The movie, which has been described by critics as "the naffest royal movie ever", is due to screened here on TV1 the day of the Royal wedding in London.
The film follows the prince and Kate Middleton from their meeting at St Andrews University in Scotland nine years ago to their engagement last November.
The couple are played by unknown actors 31-year-old Evers-Swindell, 31, and Briton Camilla Luddington, 27.
The Sydney Morning Herald reported that Evers-Swindell's acting "varies from plain wooden to teak-like", being saddled with lines such as: "I am sorry … I just need some space."
The Guardian reviewer Stephen Bates said the film was "so bad it's awful, toe-curlingly, teeth-furringly, pillow-bitingly ghastly".
The newspaper classed it among the "movies so bad that they transcend awfulness...it will probably be a smash".
The London Evening Standard's Richard Godwin said there were a few good things about the production:
"It is recognisably a film, in that it takes place on a screen. Events run in a forward direction."
Critics in the United States panned the movie as a cheesy chick-flick, and Reuters' Michael Holden blogged that the film was more like a Disney movie.
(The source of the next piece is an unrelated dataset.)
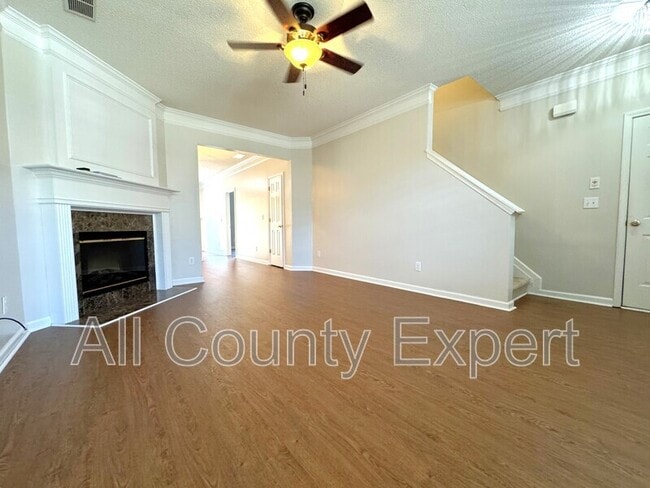 Photo - 383 Weatherstone Pl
"I suspect historians, and those who are not keen on saccharine-coated Hollywood movies, will happily give it a miss."
A reviewer on amazon.com said it was "so mind-bogglingly bad that it is probably going to be a superb piece of comedy".
"As the happy couple's love entwines against a sunset as livid orange as any in Gone with the Wind, there will not be a dry eye in the house," the Guardian reported.
"But possibly not for the reasons the makers suppose."